= The Gonzo Papers =

Series of books by Hunter S. Thompson

The Gonzo Papers is a four volume series of books by American journalist and author Hunter S. Thompson published between 1979 and 1994. The word Gonzo is often used to describe the unique style of journalism that Thompson cultivated throughout his life.

The books largely serve as a collection of hard-to-find newspaper and magazine articles written by Thompson throughout his career, although all volumes do contain some new material by the author. Articles from Thompson's early days as a newspaper free-lancer, correspondent for the National Observer, and columnist for the San Francisco Examiner are included, as are excerpts from Thompson's better known works such as Fear and Loathing in Las Vegas.
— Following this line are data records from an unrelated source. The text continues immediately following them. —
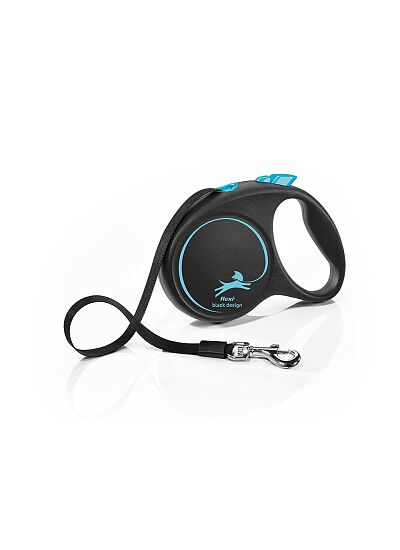 Flexi Black Design Πτυσσόμενο Λουρί/Οδηγός Σκύλου Ιμάντας Μπλέ 5m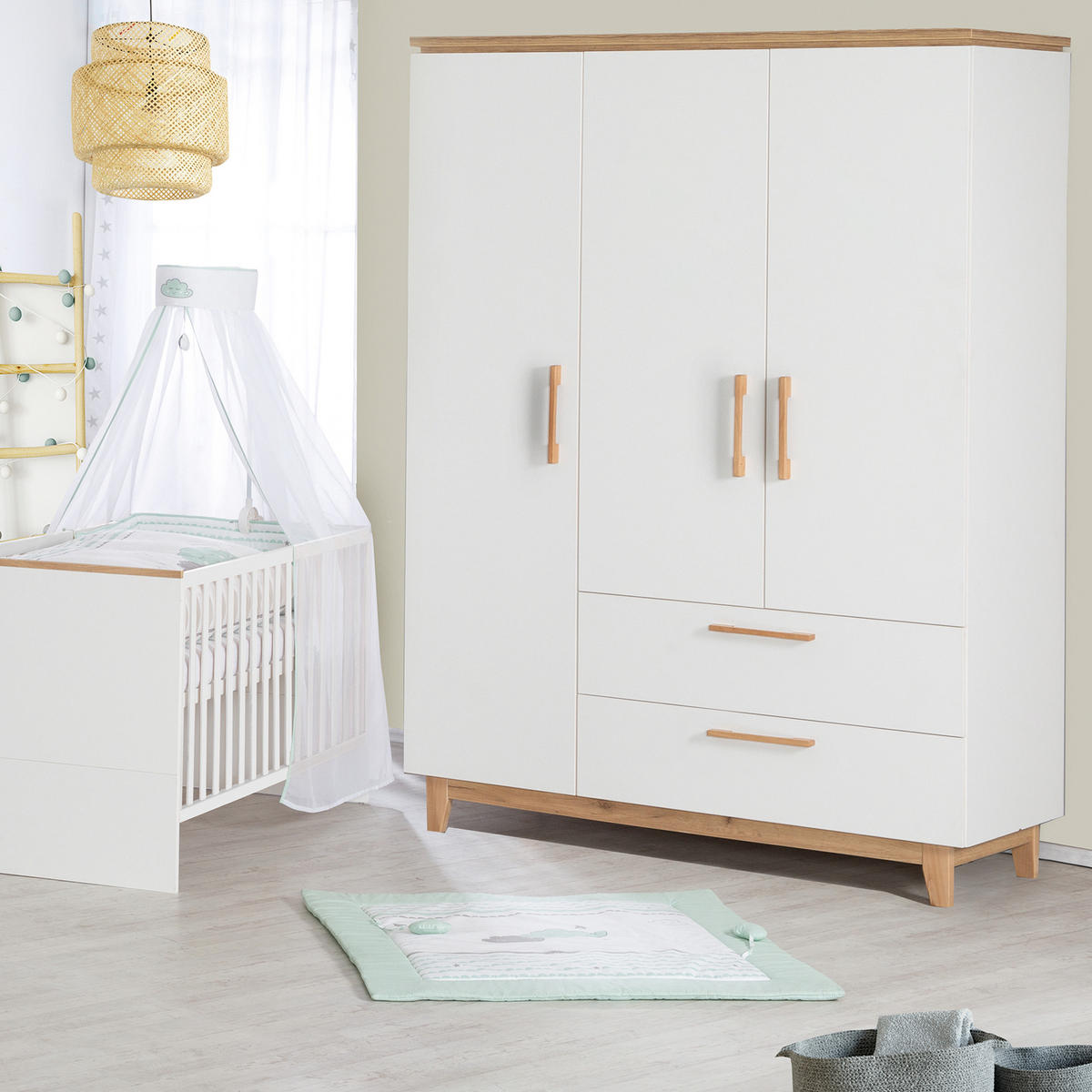 KLEIDERSCHRANK Finn - Weiß, Holz/Holzwerkstoff (134.5/200/55cm) - Roba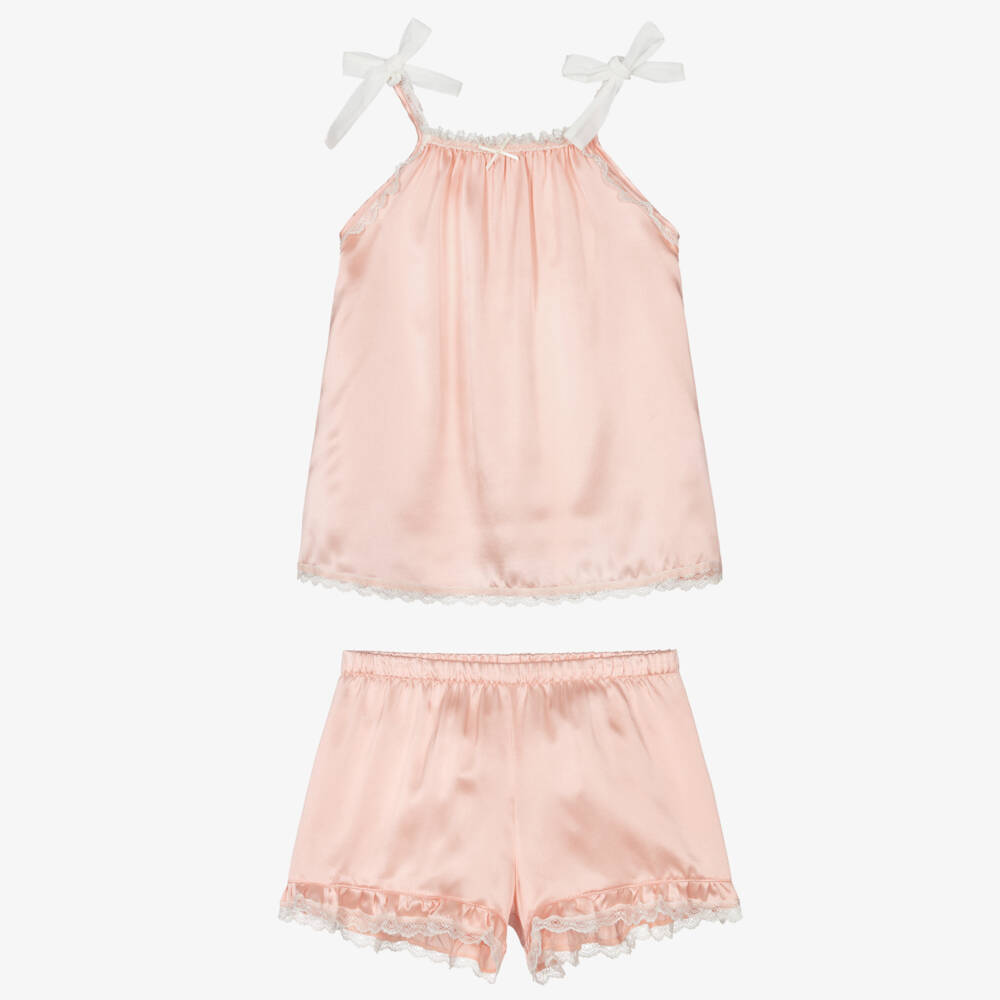 AMIKI Children-Girls Peach Pink Silk Short Pyjamas | Childrensalon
The fourth volume, Better Than Sex, is mostly composed of faxes and letters Thompson sent and received regarding the 1992 U.S. Presidential Election, along with a few articles Thompson wrote on the subject.

==Volumes of The Gonzo Papers==
- Gonzo Papers, Vol. 1: The Great Shark Hunt: Strange Tales from a Strange Time. (New York, Summit Books, 1979; Simon & Schuster, 2003, ISBN 0-7432-5045-1)
- Gonzo Papers, Vol. 2: Generation of Swine: Tales of Shame and Degradation in the '80s. (New York, Summit Books, 1988; Vintage, 1989, ISBN 0-679-72237-8; Simon & Schuster, 2003, ISBN 0-7432-5044-3)
- Gonzo Papers, Vol. 3: Songs of the Doomed: More Notes on the Death of the American Dream. (New York, Summit Books, 1990; Pocket, 1991, ISBN 0-671-74326-0; Simon & Schuster/Touchstone, 2002, ISBN 0-7432-4099-5)
- Gonzo Papers, Vol. 4: Better Than Sex: Confessions of a Political Junkie. (New York, Random House, 1994; Ballantine Books, 1995, ISBN 0-345-39635-9)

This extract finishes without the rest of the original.